> [EXERCISE INPUT]
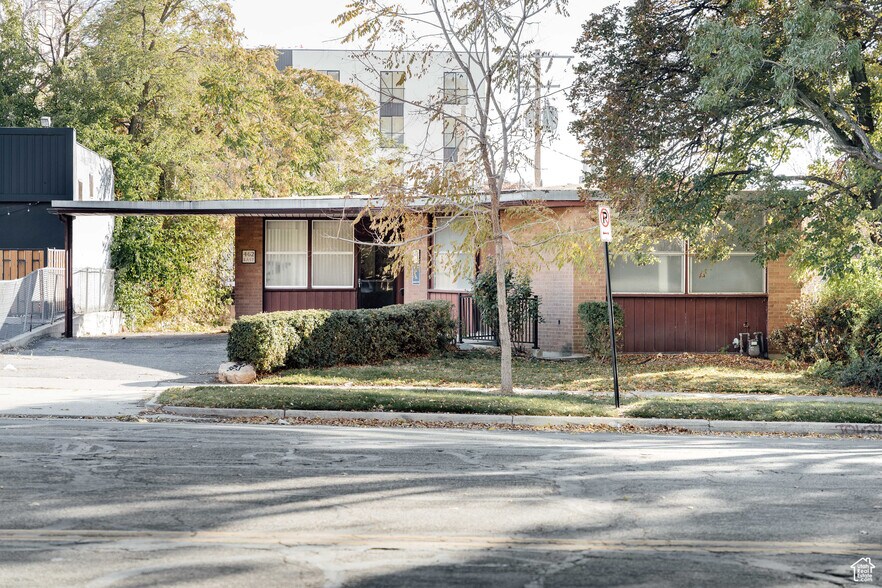 462 E 100 S, Salt Lake City, UT à vendre - Photo du bâtiment - Image 1 de 19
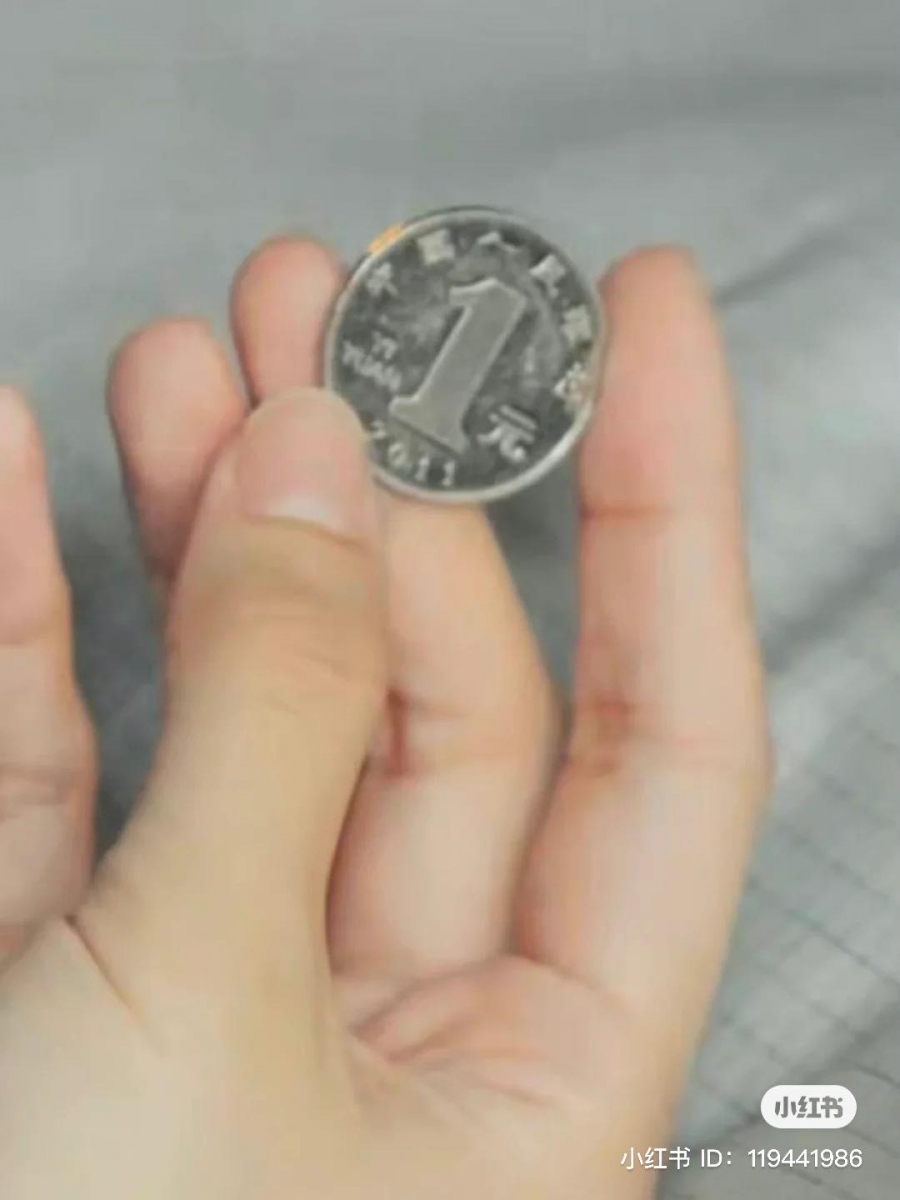 2、周生辰2011年制的1元硬币 = 一生一世，爱你时宜  周生辰和时宜领证后的早晨，周生辰把一枚1元硬币给了时宜，定格细看会发现硬币上镌刻的产出年份是「2011年」；谐音读作20（爱你）11（时宜），结合一枚一元硬币的，是「一生一世，爱你时宜」的意思！但这一幕也被脑洞超大的网民“恶搞”，笑称是「睡一晚，给一元」，超损的 ?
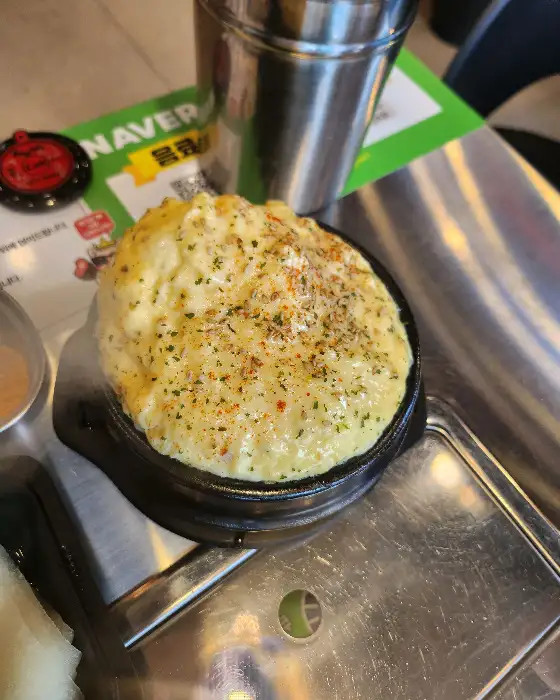 고기 위에 뿌려진 허브 가루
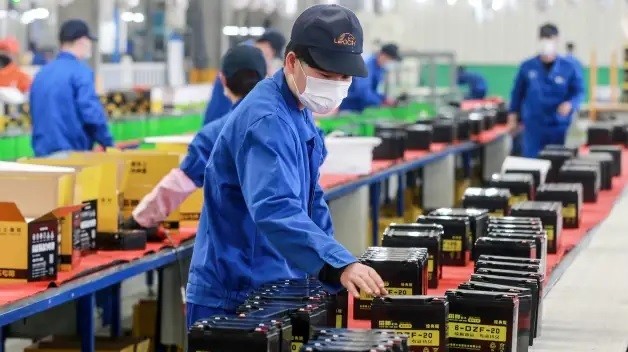 Lợi nhuận công nghiệp của Trung Quốc giảm tốc trong tháng Ba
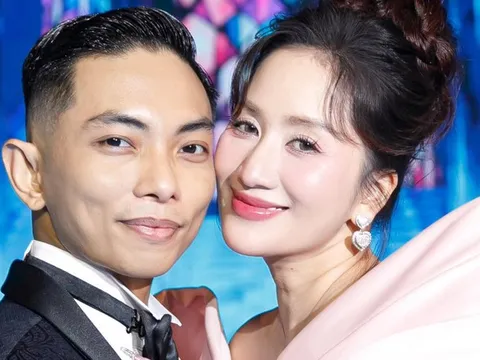 Phan Hiển đáp trả khi bị mỉa mai nhìn "như mẹ con" khi đứng cạnh Khánh Thi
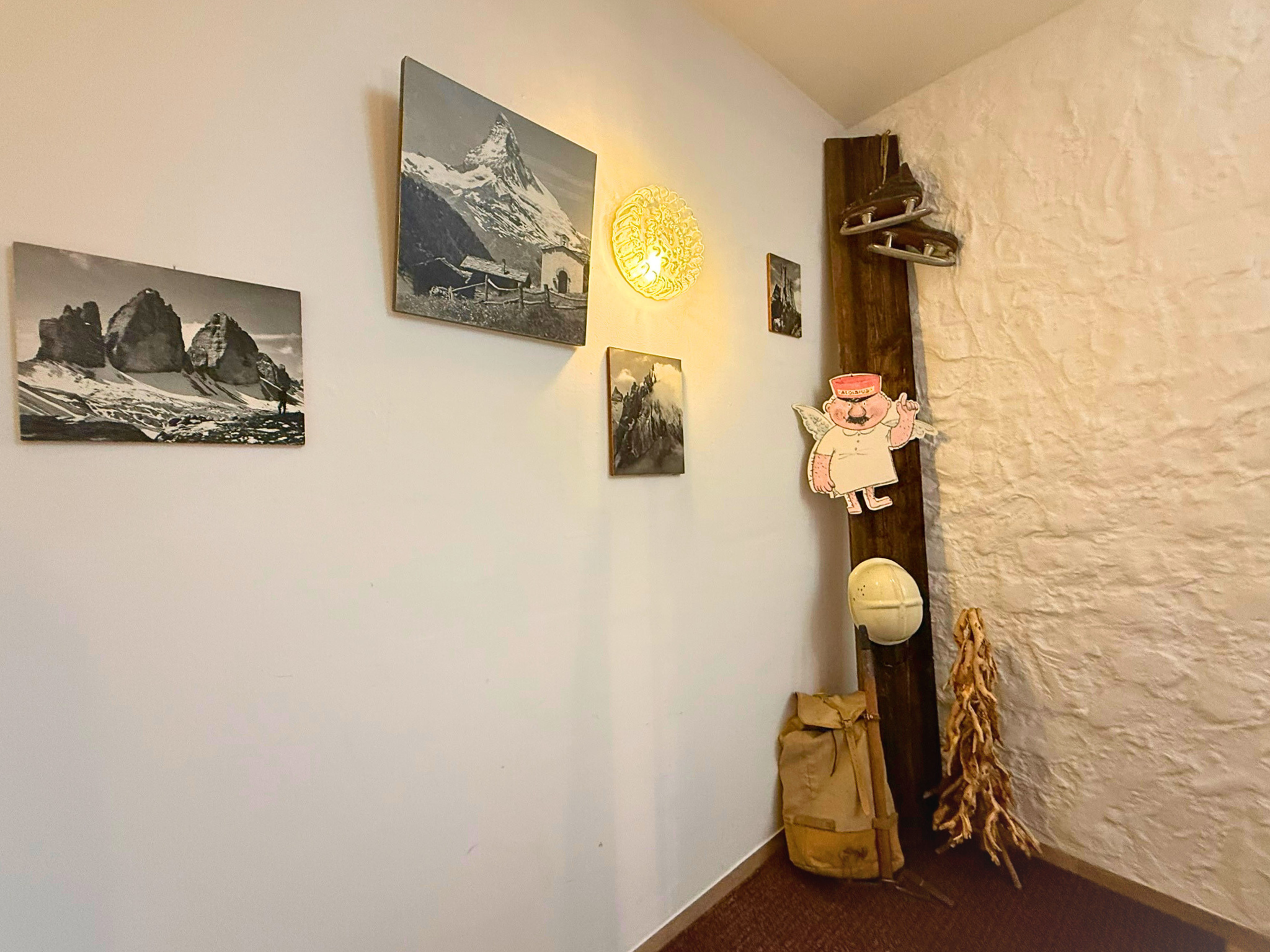 Schön dekorierter Treppenaufgang zur Ferienwohnung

> [ASSIGNED TASK]
If a line holds an image, leave the image out; retype everything else in the entries exactly.

> [YOUR RESPONSE]
 462 E 100 S, Salt Lake City, UT à vendre - Photo du bâtiment - Image 1 de 19
 2、周生辰2011年制的1元硬币 = 一生一世，爱你时宜  周生辰和时宜领证后的早晨，周生辰把一枚1元硬币给了时宜，定格细看会发现硬币上镌刻的产出年份是「2011年」；谐音读作20（爱你）11（时宜），结合一枚一元硬币的，是「一生一世，爱你时宜」的意思！但这一幕也被脑洞超大的网民“恶搞”，笑称是「睡一晚，给一元」，超损的 ?
 고기 위에 뿌려진 허브 가루
 Lợi nhuận công nghiệp của Trung Quốc giảm tốc trong tháng Ba
 Phan Hiển đáp trả khi bị mỉa mai nhìn "như mẹ con" khi đứng cạnh Khánh Thi
 Schön dekorierter Treppenaufgang zur Ferienwohnung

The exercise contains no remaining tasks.